On 7/15/24 14:33, Stanislav Fomichev wrote:
On 07/12, Kui-Feng Lee wrote:
Run tcpdump in the background for flaky test cases related to network
features.

Have you considered linking against libpcap instead of shelling out
to tcpdump? As long as we have this lib installed on the runners
(likely?) that should be a bit cleaner than doing tcpdump.. WDYT?

I just checked the script building the root image for vmtest. [1]
It doesn't install libpcap.

If our approach is to capture the packets in a file, and let developers
download the file, it would be a simple and straight forward solution.
If we want a log in text, it would be more complicated to parse
packets.

Martin & Stanislay,

WDYT about capture packets in a file and using libpcap directly?
Developers can download the file and parse it with tcpdump locally.

thinking out loud...

Re: libpcap (instead of tcpdump) part. I am not very experienced in libpcap. I don't have a strong preference. I do hope patch 1 could be more straight forward that no need to use loops and artificial udp packets to ensure the tcpdump is fully ready to capture. I assume using libpcap can make this sync part easier/cleaner (pthread_cond?) and not too much code is needed to use libpcap?

Re: dump to file and download by developer.
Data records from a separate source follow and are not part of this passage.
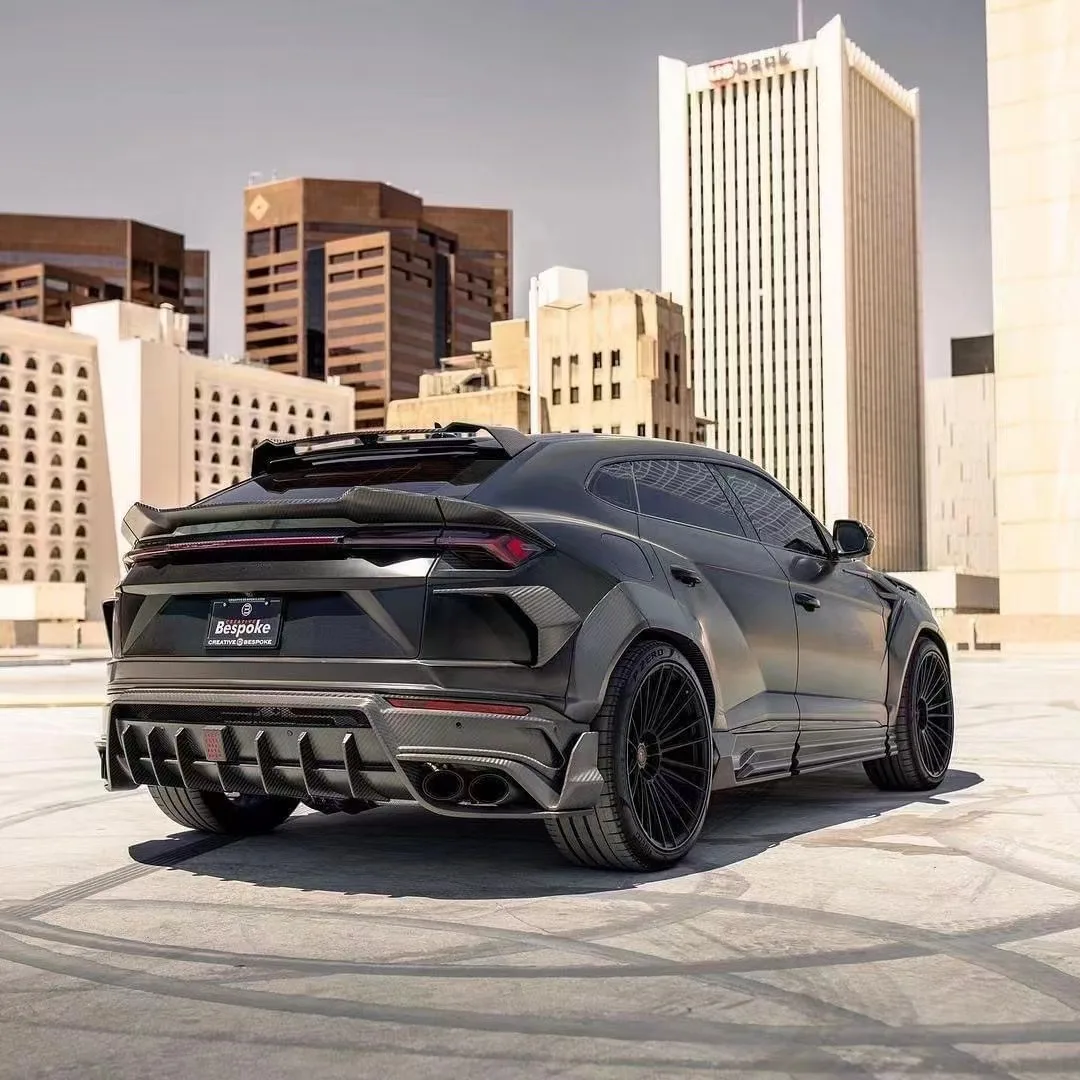 For Urus Body Kit Urus Upgrades Keyv Style Carbon Fiber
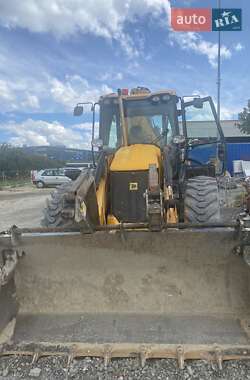 Экскаватор погрузчик JCB 4CX 2011 в 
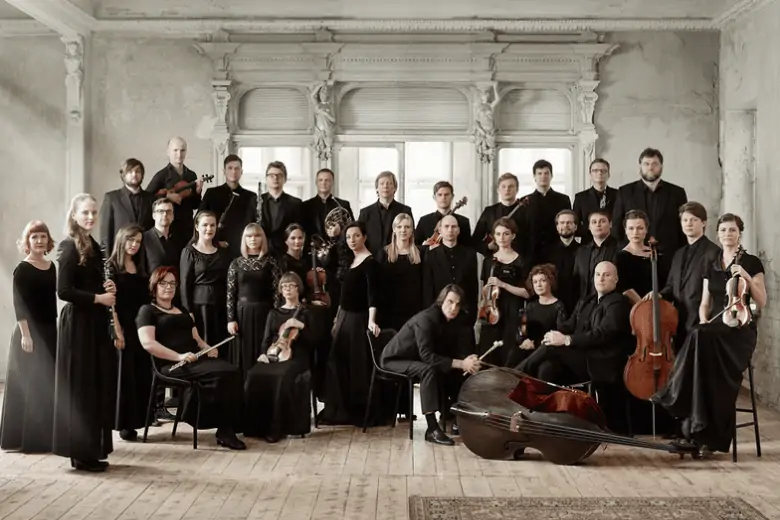European Christmas festival. J.S.Bach Christmas Oratorio - Renginio paveikslėlis 2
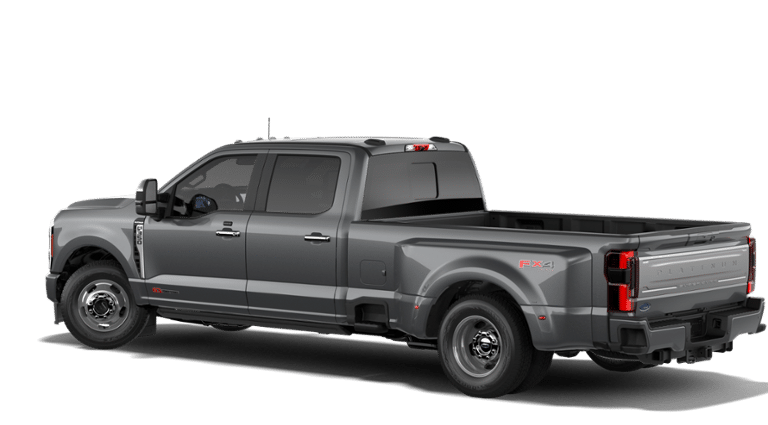 2027 Ford F-350SD Platinum DRW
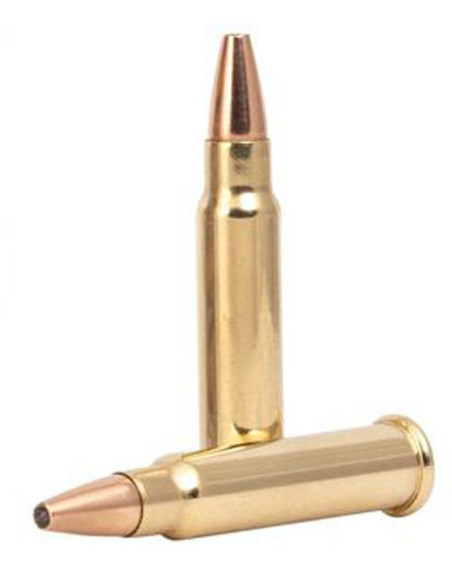 Munición metálica CCI Gamepoint - 17 HMR - 20 grains - JSP - 52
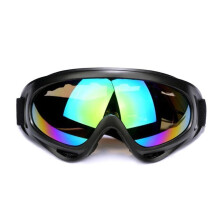 Motorcycle Goggles Anti Fog UV Protection Windproof Dustproof Off Road Motocross Glasses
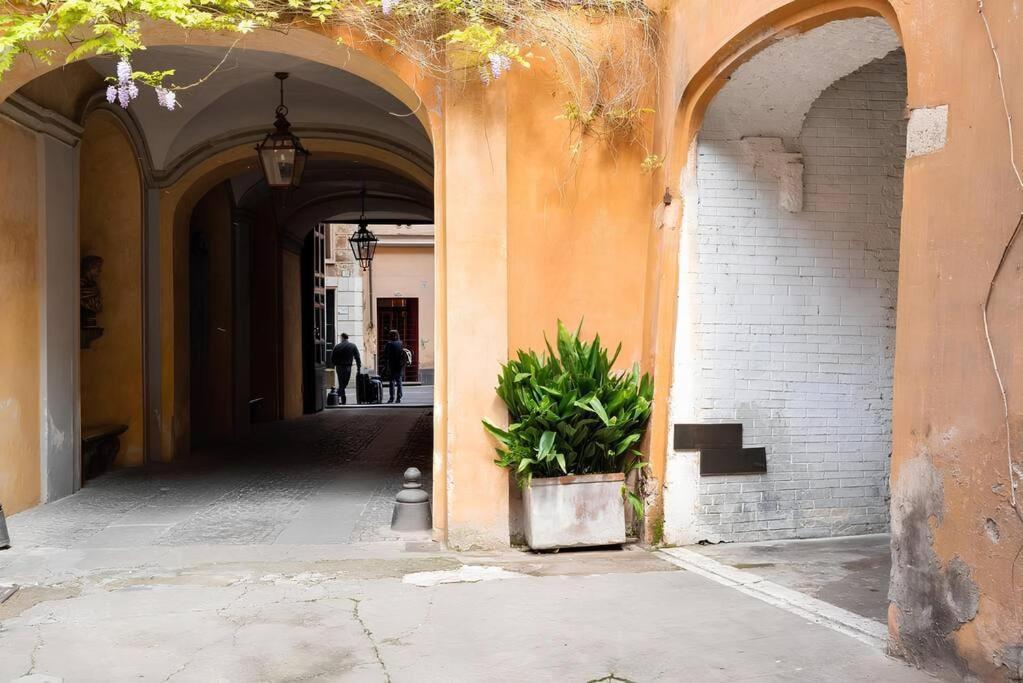 Hostme Piazza Navona Apartament Ρώμη Εξωτερικό φωτογραφία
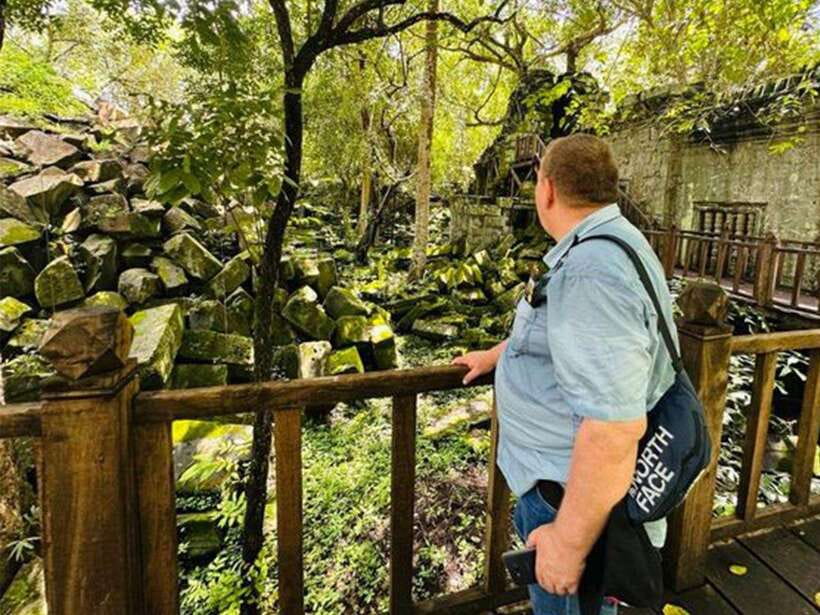 Beng Mealea and Koh Ker -the UNESCO World Heritage - The $50 Price and the Real Budget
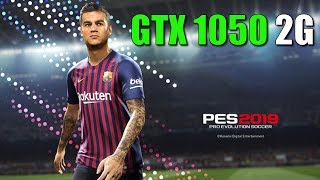 PES 2019 Demo PC GTX 1050 2G Benchmark screenshot 5
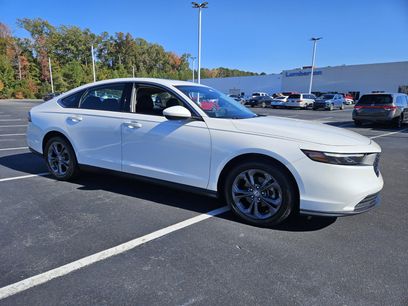 Used 2023 Honda Accord EX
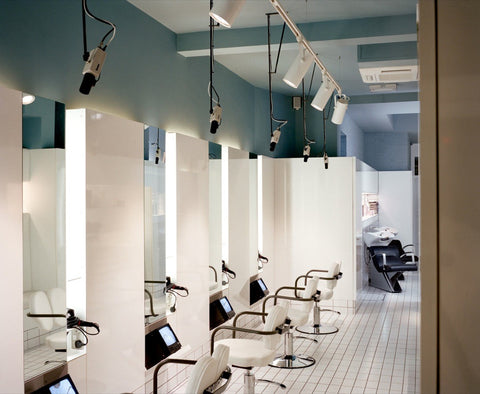 We give you choices with good - Beauty Space Salon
If I read patch 1 correctly, it only dumps everything at the end of the test (by calling traffic_monitor_report). imo, it lost the chronological ordering with other ASSERT_* logs and does not make a big difference (vs downloading as a file).

The developer needs to go through another exercise to figure out (e.g.) a captured packet may be related to a ASSERT_* failure by connecting the timestamp between the ASSERT_* log and the captured packet (afaik, there is a timestamp in the CI raw log). Ideally, the packet can be logged to stderr/out as soon as it is captured such that the developer can still sort of relate the packet with the other ASSERT_*() log around it.